Find results that contain...
Find results in...

mysql join help

dwang040
 Share

 

So, I currently have a database where I have 3 tables, Employee, Schedule, and Shift (structure shown below). My goal is to write a select statement that will take the average amount earned per empType and multiply it by the total numbers of hours that the empTypes work. 

DESCRIBE EMPLOYEE;
+-----------+-------------+------+-----+---------+-------+
| Field     | Type        | Null | Key | Default | Extra |
+-----------+-------------+------+-----+---------+-------+
| empId     | varchar(6)  | YES  |     | NULL    |       |
| lastName  | varchar(32) | YES  |     | NULL    |       |
| firstName | varchar(32) | YES  |     | NULL    |       |
| cellphone | varchar(14) | YES  |     | NULL    |       |
| homephone | varchar(14) | YES  |     | NULL    |       |
| empType   | varchar(6)  | YES  |     | NULL    |       |
| ftpt      | varchar(2)  | YES  |     | NULL    |       |
| pay       | varchar(7)  | YES  |     | NULL    |       |
+-----------+-------------+------+-----+---------+-------+
DESCRIBE SCHEDULE;
+------------+-------------+------+-----+---------+-------+
| Field      | Type        | Null | Key | Default | Extra |
+------------+-------------+------+-----+---------+-------+
| scheduleId | varchar(6)  | YES  |     | NULL    |       |
| empId      | varchar(6)  | YES  |     | NULL    |       |
| date       | varchar(10) | YES  |     | NULL    |       |
| shiftId    | varchar(6)  | YES  |     | NULL    |       |
| dept       | varchar(32) | YES  |     | NULL    |       |
+------------+-------------+------+-----+---------+-------+
DESCRIBE SHIFT;
+-------------+------------+------+-----+---------+-------+
| Field       | Type       | Null | Key | Default | Extra |
+-------------+------------+------+-----+---------+-------+
| shiftId     | varchar(6) | YES  |     | NULL    |       |
| startTime   | varchar(4) | YES  |     | NULL    |       |
| shiftLength | varchar(2) | YES  |     | NULL    |       |
+-------------+------------+------+-----+---------+-------+

I tried this, thinking that by using a join, I could individually get the avg from EMPLOYEE and then get the sum from SCHEDULE and SHIFT, but for some reason, it's just not right.
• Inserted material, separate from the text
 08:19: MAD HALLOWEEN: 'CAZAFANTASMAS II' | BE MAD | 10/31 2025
The avg pay per empType is still not correct. I've tried various types of joins but they all produce the same result.

SELECT t1.empType, FORMAT(AVG(REPLACE(t1.pay, "$", "")),2) AS "AVG PAY", SUM(t3.shiftLength)
FROM EMPLOYEE AS t1 JOIN SCHEDULE AS t2
ON t1.empId = t2.empId
JOIN SHIFT AS t3
ON t2.shiftId = t3.shiftId
GROUP BY empType;

RESULT AVG PAY is incorrect as you can see compared to the results posted below. The shiftLength is correct however. My guess is that the AVG PAY is
somehow the AVG based off of SCHEDULE and not based off of EMPLOYEE? But I thought that through joining them, I could get each values individually:
+---------+---------+---------------------+
| empType | AVG PAY | SUM(t3.shiftLength) |
+---------+---------+---------------------+
| LPN     | 31.59   |                1508 |
| NA      | 33.06   |                1288 |
| RN      | 29.71   |                1200 |
+---------+---------+---------------------+

This is supposed to be the correct numbers. 
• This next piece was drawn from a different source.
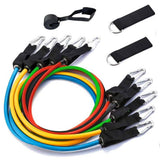 TensionFlex Bands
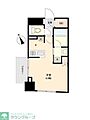 Primal杉並方南町1階12.1万円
+---------+---------+---------------------+
| empType | AVG PAY | SUM(t3.shiftLength) |
+---------+---------+---------------------+
| LPN     | 30.91   |                1508 |
| NA      | 33.92   |                1288 |
| RN      | 33.10   |                1200 |
+---------+---------+---------------------+

Thanks!

Link to comment
Share on other sites

Link to post
Share on other sites

Pay is a varchar. I believe this means that when taking an average, it will exclude any blank/null values rather than treat then as 0. Are there any blanks in that column?

I would suggest converting pay to an integer field, and depending on you currency store the lowest denomination. E.g. if in $, store the number of cent. so $10.45 = 1045
 

Link to comment
Share on other sites

Link to post
Share on other sites

MySQL has a double type as far as I'm aware...

 

@dwang040 Could you give us some sample data, so that we can get a better idea of where your SQL is going wrong?
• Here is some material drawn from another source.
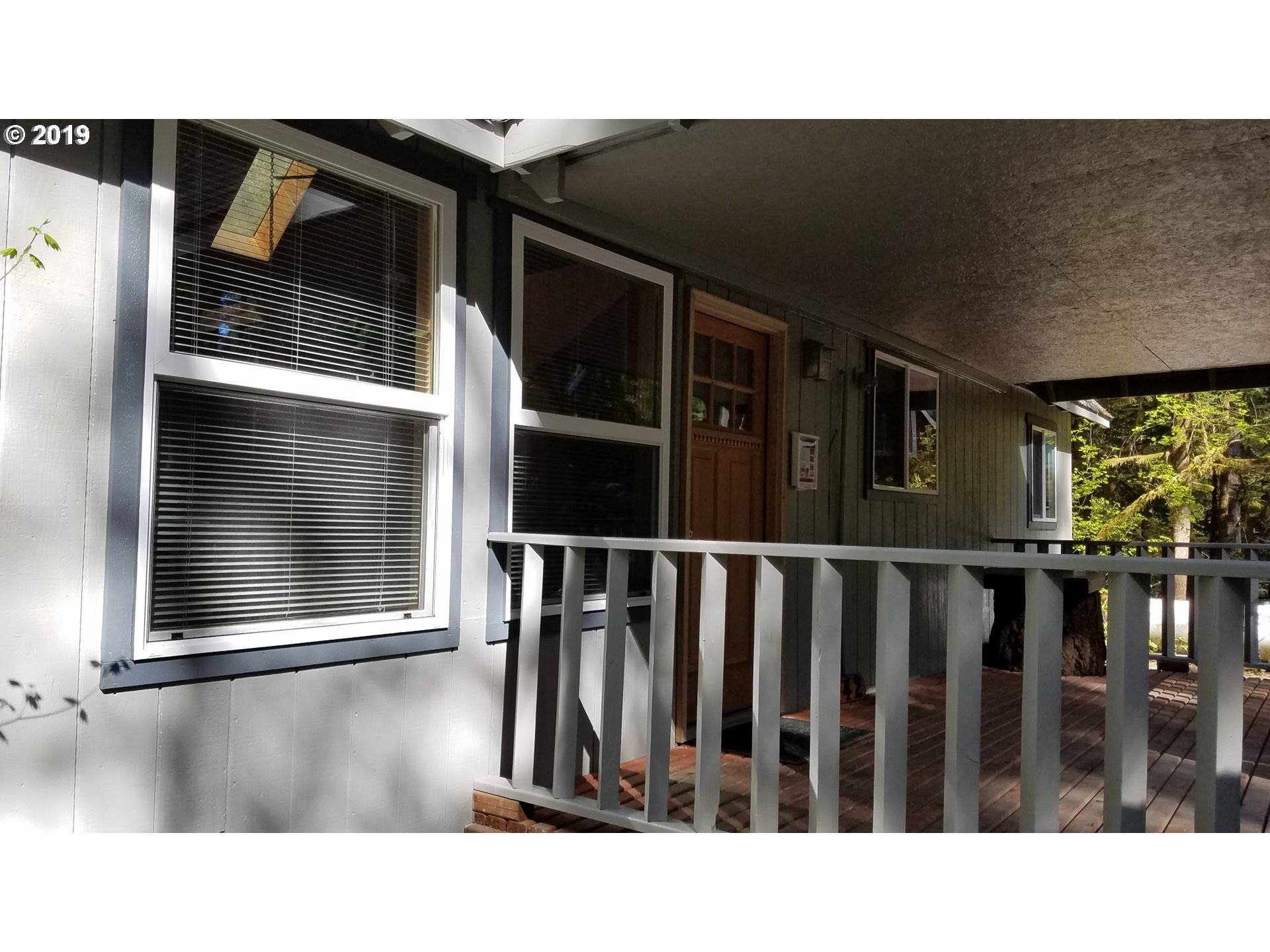 Cougar, WA 98616,Cabin 142 Northwoods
75% of what I say is sarcastic

 

So is the rest probably

Link to comment
Share on other sites

Link to post
Share on other sites

38 minutes ago, myselfolli said:

MySQL has a double type as far as I'm aware...

Yes but it is best not to use for currency.

 

This gives a better explanation than I can: https://stackoverflow.com/a/3730040/9863418

TL;DR: doubles & floats are represented as 2^n whereas currency is always 10^n (n may be negate in both cases) and so if you use a double or a float eventually you will have rounding error that you could have easily avoided.

Link to comment
Share on other sites

Link to post
Share on other sites

2 minutes ago, Meic said:

Yes but it is best not to use for currency.

 

This gives a better explanation than I can: https://stackoverflow.com/a/3730040/9863418

TL;DR: doubles & floats are represented as 2^n whereas currency is always 10^n (n may be negate in both cases) and so if you use a double or a float eventually you will have rounding error that you could have easily avoided.

Makes sense...

75% of what I say is sarcastic

 

So is the rest probably

Link to comment
Share on other sites

Link to post
Share on other sites

4 hours ago, Meic said:

Pay is a varchar. I believe this means that when taking an average, it will exclude any blank/null values rather than treat then as 0. Are there any blanks in that column?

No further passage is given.